→ What is needed:
Restate verbatim the span of lines below between the line with "Bible Verses About" and the line with "Dachshund dogs for", including those two lines, and only that span.

→ Data extract:
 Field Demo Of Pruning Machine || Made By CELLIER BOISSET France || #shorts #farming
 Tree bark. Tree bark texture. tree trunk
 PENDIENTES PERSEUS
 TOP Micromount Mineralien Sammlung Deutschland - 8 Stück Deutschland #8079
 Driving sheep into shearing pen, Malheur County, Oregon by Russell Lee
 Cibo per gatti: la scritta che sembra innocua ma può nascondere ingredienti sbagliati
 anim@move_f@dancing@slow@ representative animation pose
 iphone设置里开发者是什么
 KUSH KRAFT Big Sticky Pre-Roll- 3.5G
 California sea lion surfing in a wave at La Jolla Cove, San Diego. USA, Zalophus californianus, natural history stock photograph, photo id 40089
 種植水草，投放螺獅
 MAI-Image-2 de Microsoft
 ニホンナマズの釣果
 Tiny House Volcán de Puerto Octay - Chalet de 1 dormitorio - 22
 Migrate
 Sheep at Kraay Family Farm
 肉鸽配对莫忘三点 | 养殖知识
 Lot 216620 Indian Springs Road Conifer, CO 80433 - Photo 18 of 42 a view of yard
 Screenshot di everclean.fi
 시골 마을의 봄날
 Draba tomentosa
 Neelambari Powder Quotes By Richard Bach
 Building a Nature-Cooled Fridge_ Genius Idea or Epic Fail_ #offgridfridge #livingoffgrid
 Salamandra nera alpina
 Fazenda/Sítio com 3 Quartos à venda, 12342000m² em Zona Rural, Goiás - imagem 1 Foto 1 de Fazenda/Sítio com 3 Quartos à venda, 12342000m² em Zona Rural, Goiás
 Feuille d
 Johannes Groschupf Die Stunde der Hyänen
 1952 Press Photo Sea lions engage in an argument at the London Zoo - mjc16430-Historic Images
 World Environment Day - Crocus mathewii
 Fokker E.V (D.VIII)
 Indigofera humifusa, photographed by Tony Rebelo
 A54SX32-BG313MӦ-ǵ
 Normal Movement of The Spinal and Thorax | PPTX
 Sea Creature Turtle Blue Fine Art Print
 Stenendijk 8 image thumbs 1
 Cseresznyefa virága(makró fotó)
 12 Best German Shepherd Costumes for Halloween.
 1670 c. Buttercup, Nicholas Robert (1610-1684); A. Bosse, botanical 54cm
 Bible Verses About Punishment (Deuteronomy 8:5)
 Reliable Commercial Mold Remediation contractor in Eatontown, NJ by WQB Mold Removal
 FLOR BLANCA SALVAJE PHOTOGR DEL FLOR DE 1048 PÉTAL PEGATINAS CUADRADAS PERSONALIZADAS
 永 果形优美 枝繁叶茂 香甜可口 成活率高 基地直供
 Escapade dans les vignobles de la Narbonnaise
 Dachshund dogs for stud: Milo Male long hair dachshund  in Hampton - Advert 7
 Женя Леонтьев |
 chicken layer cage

→ Answer:
 Bible Verses About Punishment (Deuteronomy 8:5)
 Reliable Commercial Mold Remediation contractor in Eatontown, NJ by WQB Mold Removal
 FLOR BLANCA SALVAJE PHOTOGR DEL FLOR DE 1048 PÉTAL PEGATINAS CUADRADAS PERSONALIZADAS
 永 果形优美 枝繁叶茂 香甜可口 成活率高 基地直供
 Escapade dans les vignobles de la Narbonnaise
 Dachshund dogs for stud: Milo Male long hair dachshund  in Hampton - Advert 7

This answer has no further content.